Reporter: Yusuf Imam Santoso | Editor: Herlina Kartika Dewi
KONTAN.CO.ID - JAKARTA. Mulai 1 Januari 2020, pemerintah menetapkan kenaikan tarif cukai dengan rata-rata sekitar 23% dan menaikkan harga jual eceran atau harga banderol dengan rata-rata sekitar 35%. Kenaikan tarif cukai rokok ini dilakukan dengan mempertimbangkan berbagai indikator terkait fungsi dari pungutan cukai hasil tembakau.
Asal tahu saja, fungsi pengenaan cukai rokok adalah untuk pengendalian konsumsi rokok legal maupun ilegal, menjamin keberlangsungan industri dengan menjaga keseimbangan antara industri padat modal dan padat karya, dan untuk mengoptimalkan penerimaan negara.

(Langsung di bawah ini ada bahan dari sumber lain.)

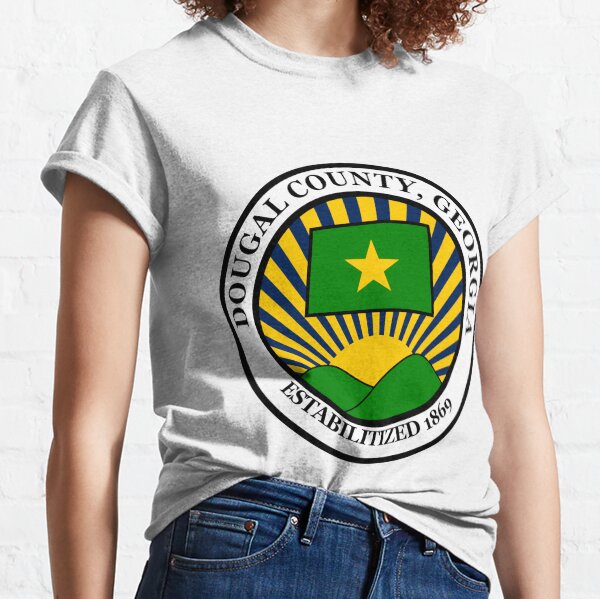 Dougal County Classic T-Shirt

Direktur Jenderal Bea dan Cukai Kementerian Keuangan Heru Pambudi mengatakan saat ini terdapat situasi dimana terjadi peningkatan prevalensi perokok secara global dari 32,8% menjadi 33,8%. Perokok pada usia anak dan remaja juga mengalami peningkatan dari 7,2% menjadi 9,1%, demikian halnya untuk perokok perempuan dari 1,3% menjadi 4,8%.

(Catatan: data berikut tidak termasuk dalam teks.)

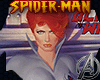 WIDOW: Grey Gloves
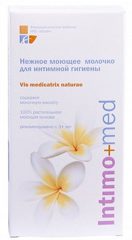 Intimo+med Milk для Intimate Hygiene 250мл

Akan tetapi, Heru menyadari bahwa sektor cukai rokok ini banyak keterkaitannya dengan sektor lainnya yaitu industri, tenaga kerja, dan petani baik petani tembakau maupun cengkeh. Oleh karenanya, pemerintah perlu mempertimbangkan semua sektor di atas dalam mengambil kebijakan cukai hasil tembakau.
Kata Heru kebijakan tarif cukai dan harga banderol tersebut telah mempertimbangkan beberapa hal, antara lain jenis hasil tembakau buatan mesin dan tangan, golongan pabrikan rokok besar, menengah, dan kecil.
Baca Juga: Tarif cukai rokok akan naik 23%, produsen tembakau iris dapat katalis positif
Kemudian jenis industri padat modal dan padat karya, asal bahan baku lokal dan impor. Secara prinsip, besaran kenaikan tarif dan harga banderol dikenakan secara berjenjang dimana tarif dan harga banderol sigaret kretek tangan lebih rendah daripada sigaret kretek mesin dan sigaret putih mesin.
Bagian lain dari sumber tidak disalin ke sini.